Many businesses at Garden City, including restaurants, a clothes and shoes store and a beauty parlour, faced the auctioneers’ hammer owing to rent arrears. Since, several businesses have exited.
Which begs the question: where do all these middle-class customers vanish to when the businesses open to tap into the market?
“The problem is that we have a lot of people who want to live above what they can afford. They can afford these goods, but they are looking elsewhere, for what should be above their reach. It is a peculiar Kenyan behaviour,” says Toyota Kenya Sales, Marketing and Logistics general manager Andrew Omolo.
“You will find someone going for a 10-year-old car that costs the same as a new car but whose model is superior and which will satisfy his ego.”
He says such overblown egos are the undoing of people who shun the comforts they can afford for the luxuries above them.
Peter Kahi, an experienced insolvency practitioner and partner at consultancy firm PKF, says the failure of businesses that bank on a promising middle class but end up frustrated is deeply rooted in poor feasibility studies.
“You have to do your market studies well prior to opening that business. Identify your potential clientele before starting. You cannot force a good on consumers and then blame them when they fail to purchase,” he says.
The behaviour and culture of the target market, and the environment they live in, have to be well studied.
“A supermarket was stocking dog food in their Jogoo Road Branch while their Westlands Branch did not have the same commodity,” says Mr Kahi.

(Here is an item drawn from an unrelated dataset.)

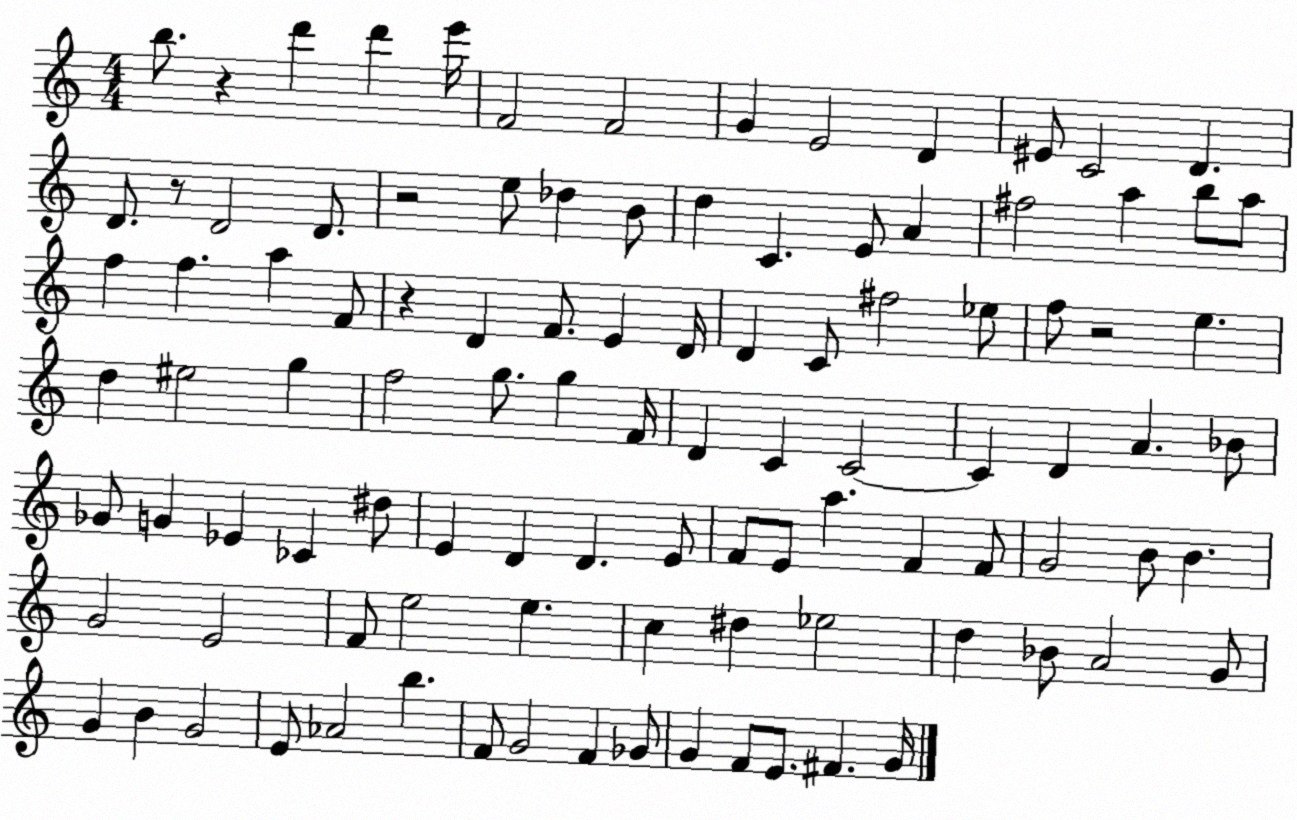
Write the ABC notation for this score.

“How could you then blame customers for not buying when you set your priorities just so wrong?”
He says Deacons, a company which operated retail establishments including franchise and department stores, erred by going into expensive malls, thus losing customers who are keen on accessing shops as casual walk-ins.
“When supermarkets in the malls crumbled, leading to a drop in footfall, the businesses also suffered,” says Kahi.
Bitange Ndemo, professor of entrepreneurship at the University of Nairobi’s Business School, says as a junior lecturer back in the day, he could afford to live in Kileleshwa, Lavington and Spring Valley estates.
Current wages for lecturers in the same position cannot enable them to live in such prestigious places.
“There is an erosion of the middle class,” Prof Bitange says. “There is a housing shortage in Nairobi but flats in Kileleshwa are empty.”
The assumption that there is a middle class capable of occupying such houses misled investors into burdening such prime areas with what is now turning out to be dead stock.